WOW!!!! that was great. I can't wait to show my son when he gets back from drill. He will pass it on through his battalion. thanks for sharing it.


----------



## ALASKA PFLOCK (Jun 24, 2007)

Outstanding!!


----------



## Nathan (Jan 2, 2007)

Very Nice!


----------



## Doxie-Doglover-Too (Jan 25, 2007)

We may come from all walks of life but we really are all............One


----------



## rdvholtwood (Sep 18, 2008)

Great Video!! - thanks for sharing!!


----------



## Collinsfam_WY (Nov 9, 2006)

Well done video, well made, great artists and locations. My Dad sent that to me a while back prefaced with a word of warning which after watching it closely, I agree with.
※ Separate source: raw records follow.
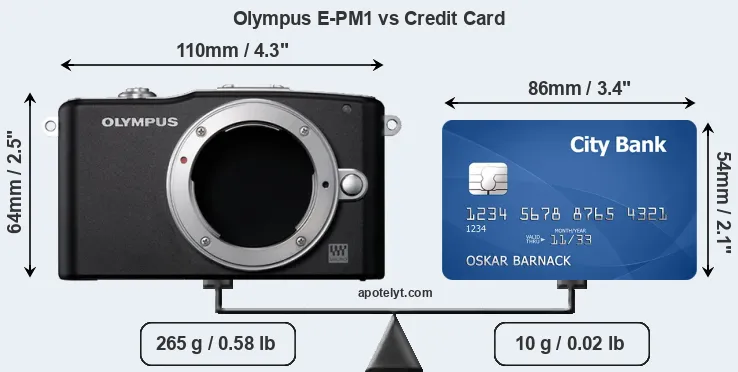 Olympus E-PM1 vs credit card front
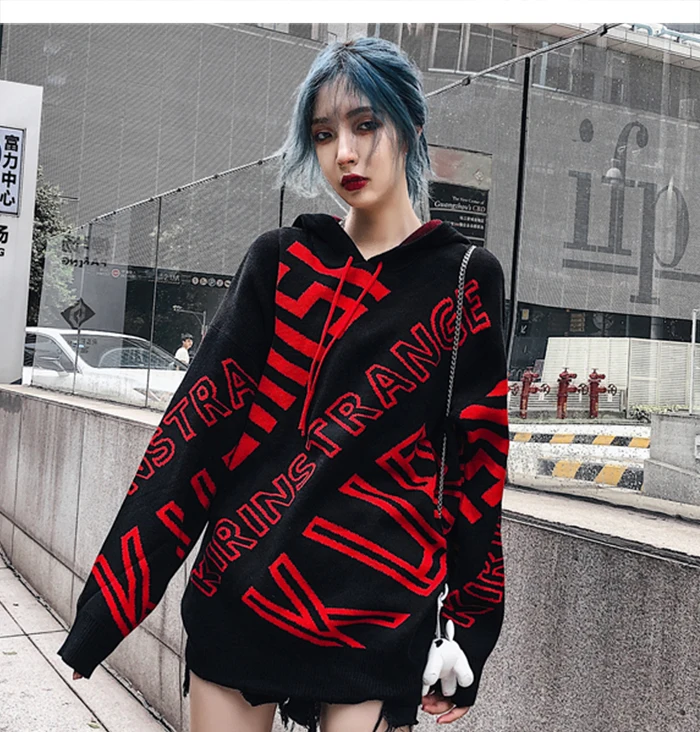 AELFRIC с буквенным принтом вязаный свитер с капюшоном мужской Harajuku Осень Зима модный мужской повседневный уличная хип хоп пуловер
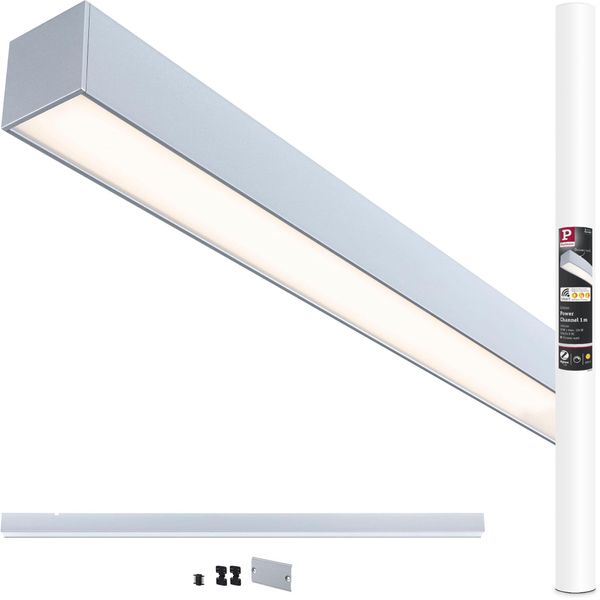 Paulmann Schienensystem-Leuchten "Linion Einspeisung Zigbee 3.0 Power Channel 1M", Grau (Chromfarben), H: 4Cm, 1 Stk., Leuchten, Smart Home-image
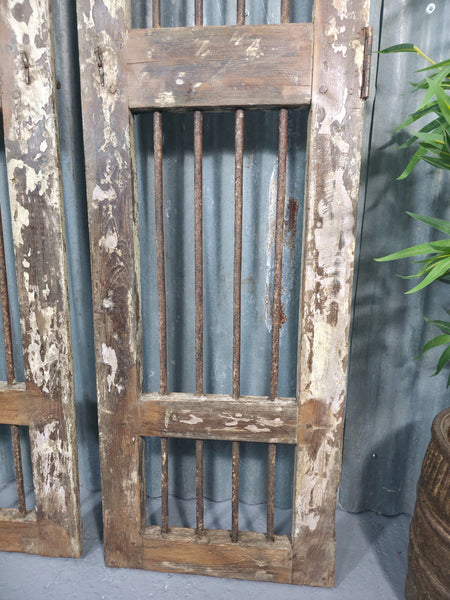 Pair Vintage Rustic Indian Wooden Iron Doors Garden Gates Room Divider Screen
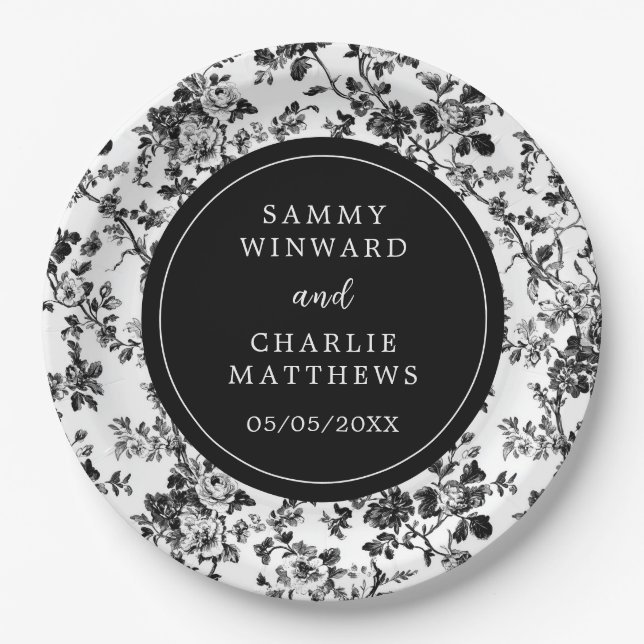 Prato De Papel Casamento de Chinoiserie Preto (Frente)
In all likelihood, this isn't going to be a popular thing to say but there is something about the populist and "government oriented" (not quite the right phrase...but I can't come up with the right words atm...) nature of the words that does not sit well with me at all. I haven't given it enough thought to put my finger on it. I have to remind myself that we do live in a Republic at times.

-CC


----------